:: WHAT THE TASK ASKS ::
From the line containing "Untitled - Cows" down to the last line of the material, output each line exactly as it appears, excluding pictures.

:: DATA EXCERPT ::
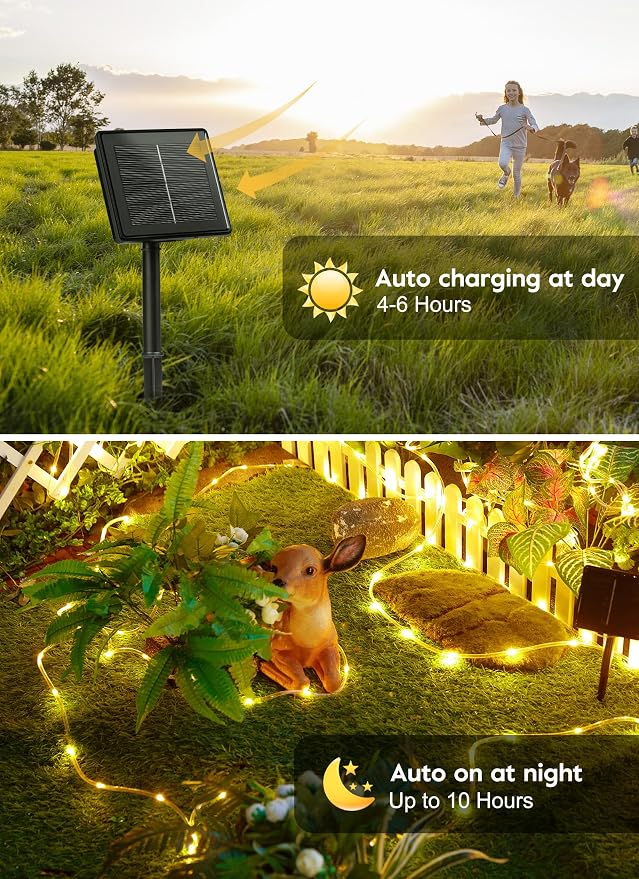 Brightown Solar String Lights Outdoor 2 Pack 72 Feet 200 LED Waterproof Solar - Image 2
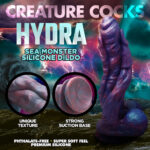 Creature Cocks Hydra Silicone Dildo - Coloured 26.9 cm Fantasy Sea Monster Dildo - Image 3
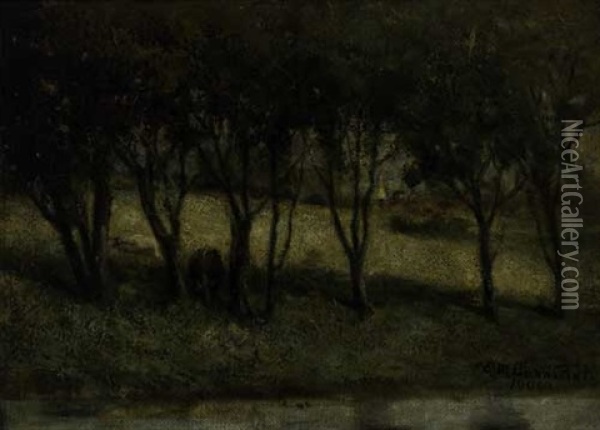 Untitled - Cows In Pasture, Near A Stream Oil Painting - Edward Bannister
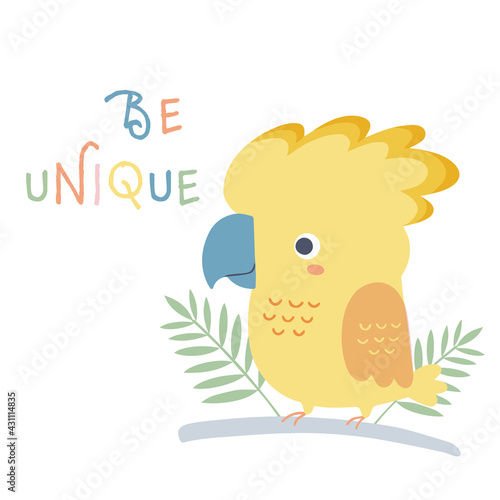 Vector illustration of cute tropical bird, parrot. Hand drawn cartoon character of Moluccan Cockatoo on branch. Isolated on white background.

:: WRITTEN ANSWER ::
 Untitled - Cows In Pasture, Near A Stream Oil Painting - Edward Bannister
 Vector illustration of cute tropical bird, parrot. Hand drawn cartoon character of Moluccan Cockatoo on branch. Isolated on white background.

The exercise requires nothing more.